Earlier, Sec. Kerry not only made a public plea to the Syrian opposition at a joint news conference Monday with British Foreign Secretary William Hague, he also called Moaz Khatib, leader of the Syrian Opposition Council, "to encourage him to come to Rome," a senior U.S. official said. The official, who spoke on condition of anonymity because he wasn't authorized to speak publicly on the matter, described the conversation as "good" but declined to offer more detail.

Spokesman Walid al-Bunni said the council had decided to send a delegation to Rome after all. Vice President Biden spoke to al-Khatib on the phone Thursday night to welcome him.

Al-Bunni told Al-Arabiya TV the decision was made based on guarantees al-Khatib heard from western diplomats that the conference would be different and that the opposition would receive real commitments this time. "We will go and we will see if the promises are different this time," he said.

After speaking with Khatib, Kerry flew to Berlin from London, the first stop of his first trip as secretary of state - a hectic nine-country dash through Europe and the Middle East.
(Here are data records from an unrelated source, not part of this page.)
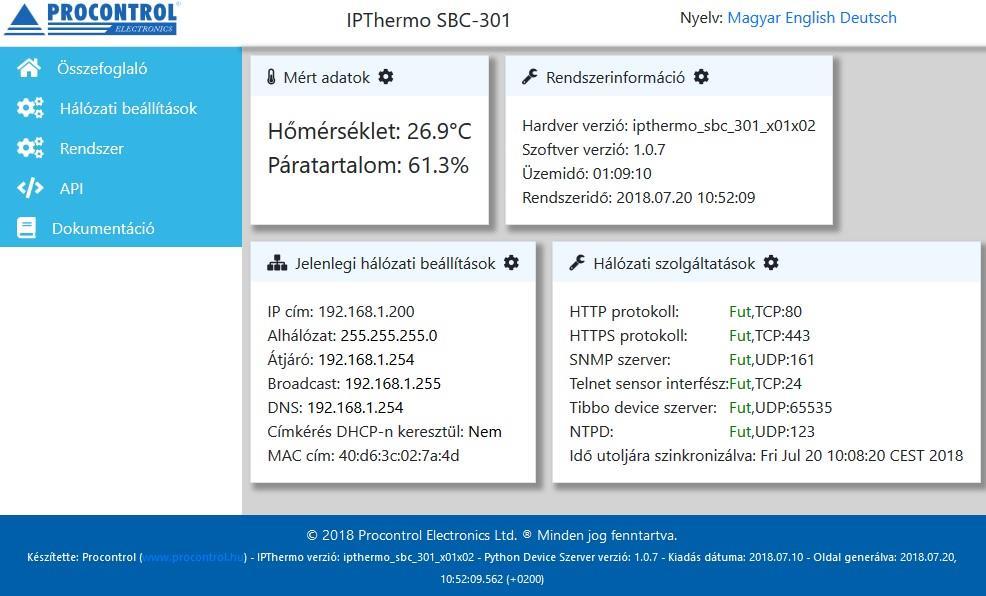 Az IPThermo beépített webszervert tartalmaz.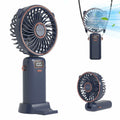 Akejrym Portable Handheld Fan 4000mAh LED Display 5 Speeds 90° Adjustable Blue by Deal US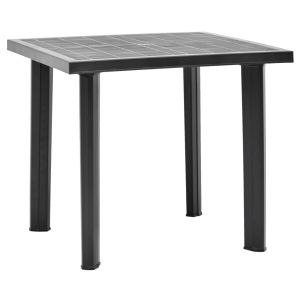 vidaXL mesa de jardín de plástico gris antracita 80x75x72 cm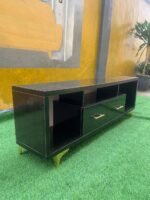 Barely Used Glossy Wooden Tv Console With Double Drawer - Image 6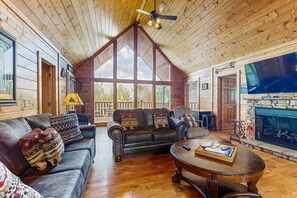 TV, fireplace, DVD player, video library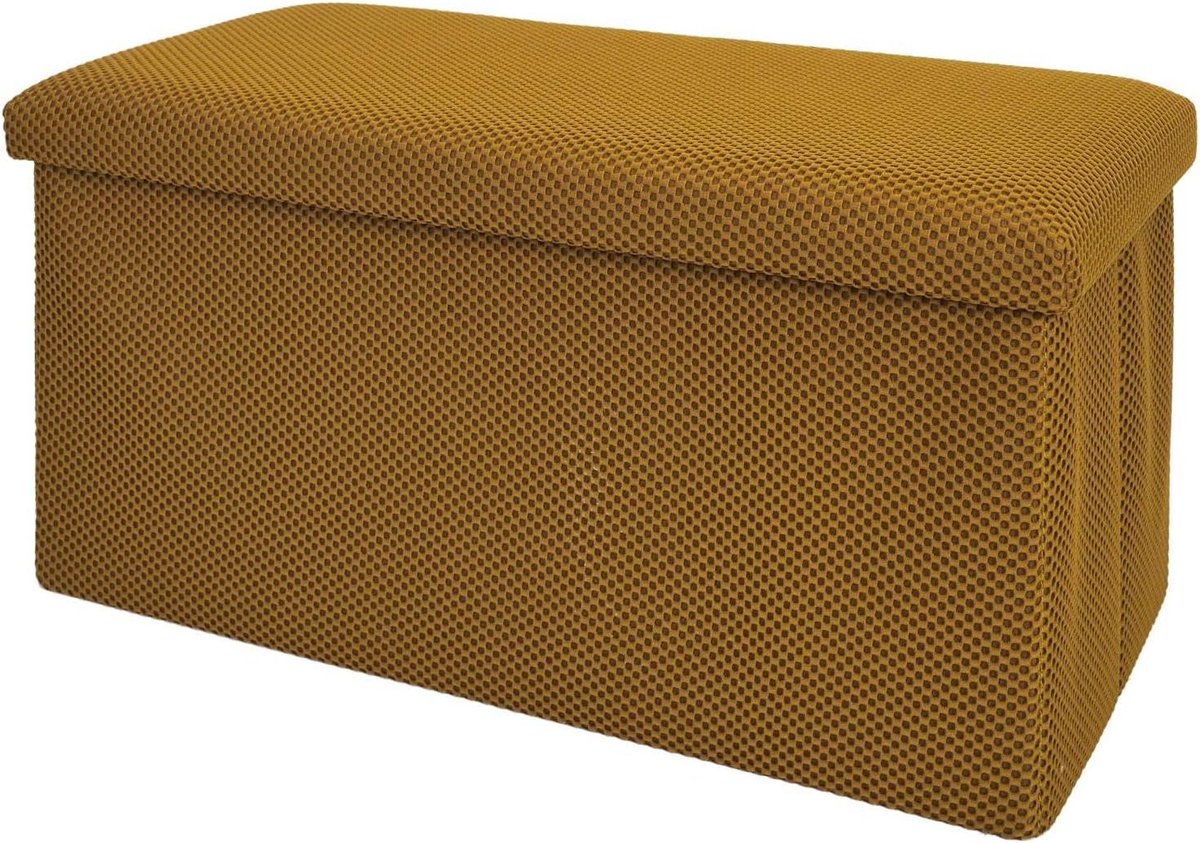 Opbergbank - Zetel - Ruimte Besparen - Klapdesign - 76x38x38 cm - Geel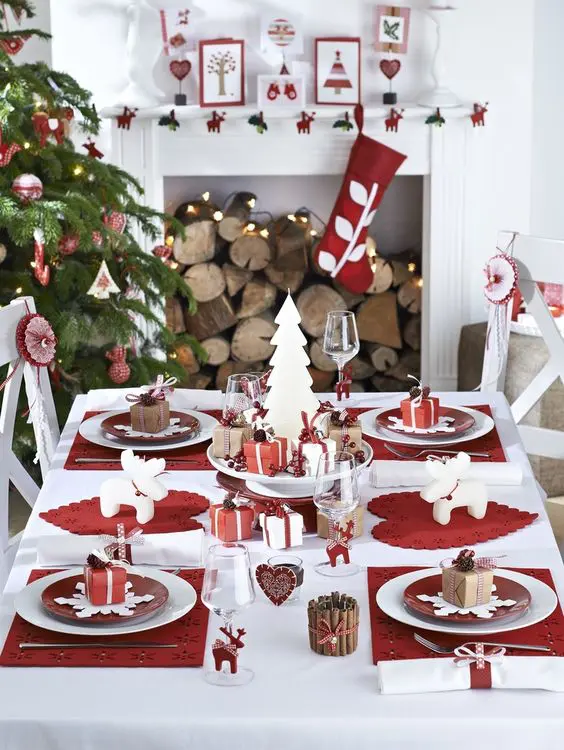 a modern red and white table setting, red and wwhite ornaments and stockings
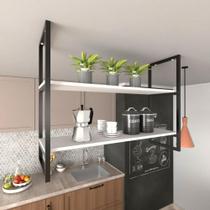 Prateleira Industrial Suspensa Teto Cozinha pratileira prateleira mdf nicho industrial nichos para cozinha suporte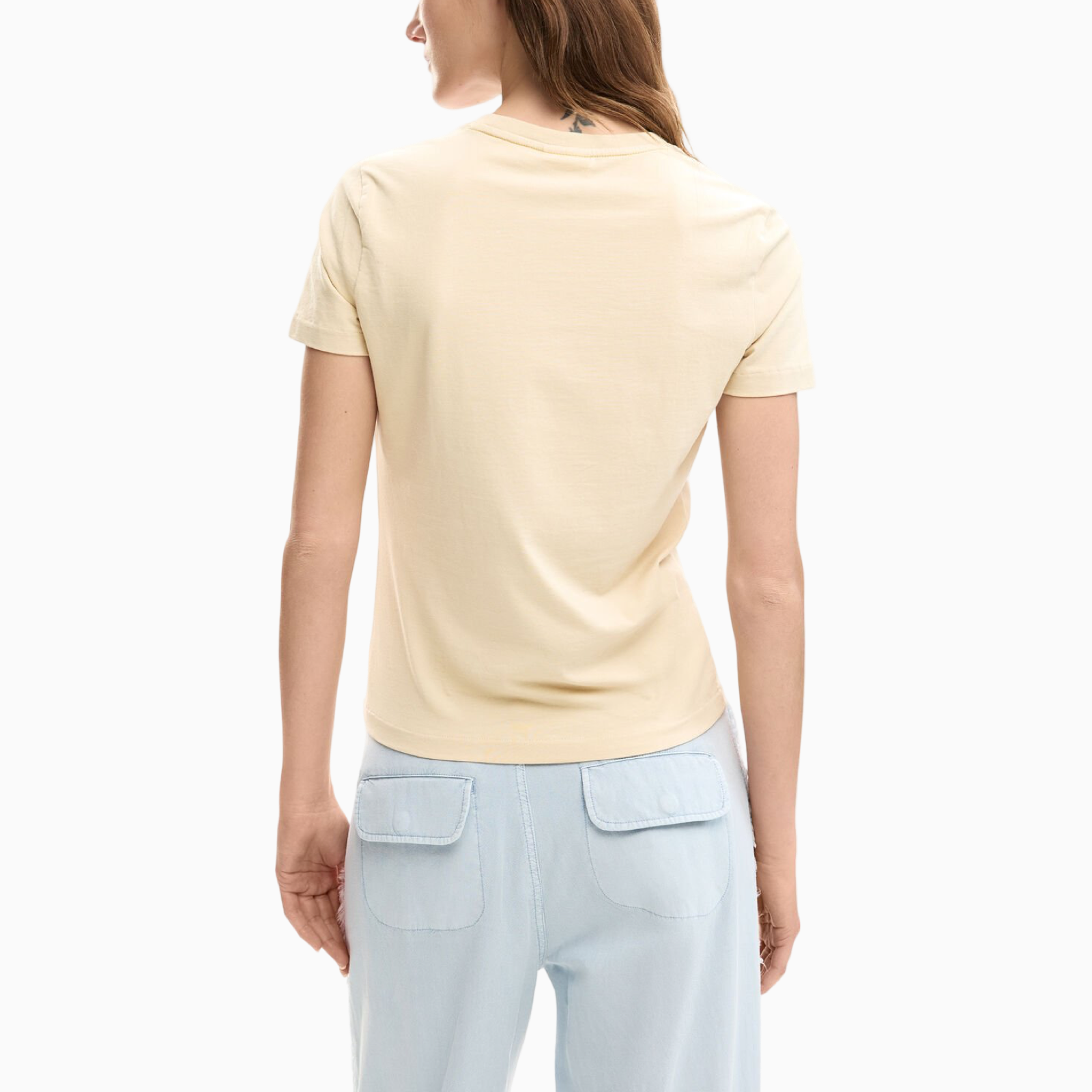 Дамска бежова тениска Desigual Women T-shirt 26SWTK03 1001 Back View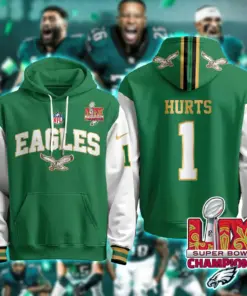 Philadelphia Eagles Nike Super Bowl LIX Champions N2R Pullover Hoodie - Kelly Green - Image 4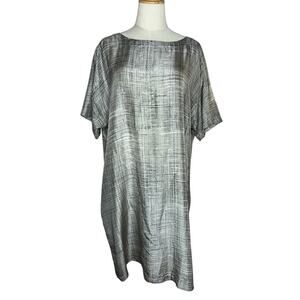Eileen Fisher Textured Silver Midi Dress
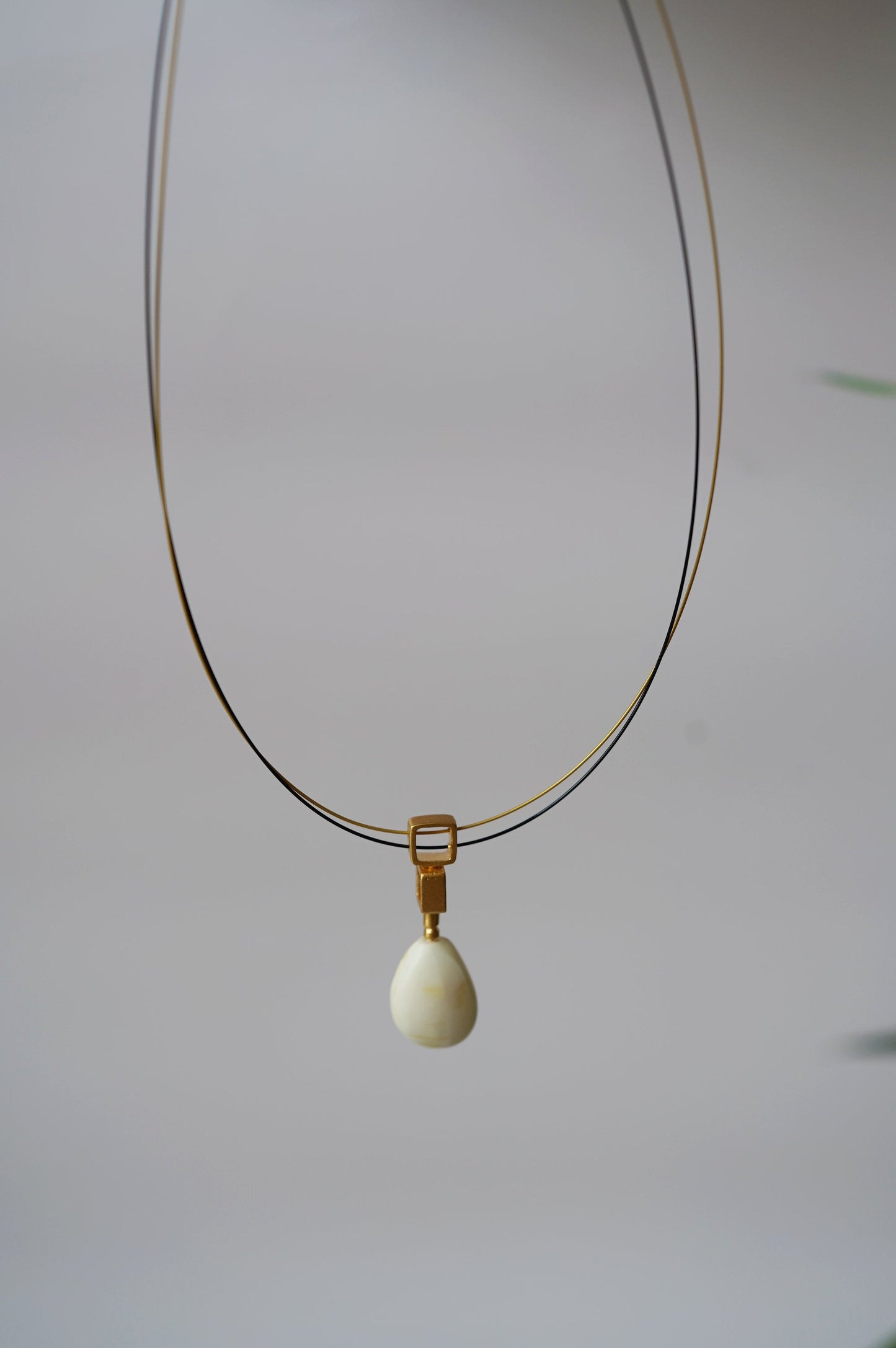 Natural Royal White Amber Chocker with Rhodium Plated Silver Frame and String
Kerry had also dispatched his top Syrian envoy to Cairo in hopes of convincing opposition leaders that their participation is critical to addressing questions from potential donors and securing additional aid from the United States and Europe.

"We are determined that the Syrian opposition is not going to be dangling in the wind, wondering where the support is, if it is coming," Kerry told reporters in London after meeting British Prime Minister David Cameron and Hague. "We are not going to let the Syrian opposition not have its ability to have its voice properly heard in this process."

For his part, Hague said the violence in Syria, especially recent scud missile attacks on the city of Aleppo, was unacceptable and that the west's current position could not be sustained while an "appalling injustice" is being done to Syrian citizens.

"In the face of such murder and threat of instability, our policy cannot stay static as the weeks go by," Hague told reporters, standing beside Kerry. "We must significantly increase support for the Syrian opposition. We are preparing to do just that."

Kerry agreed.

"We are not coming to Rome simply to talk, we are coming to Rome to talk about next steps," Kerry said, adding that he was sympathetic to opposition complaints that they were not getting the support they need to defend themselves against the Assad regime or oust him from power.

"I am very sensitive to that frustration," recalling that as a U.S. senator he was one of several who pushed the administration to consider military aid to the Syrian opposition.

"But I am the new secretary of state ... and the president of the United States has sent me here and sent me to this series of meetings and in Rome because he is concerned about the course of events.

"This moment is ripe for us to be considering what more we can do," he said, adding that if the opposition wants results, "join us" in Rome.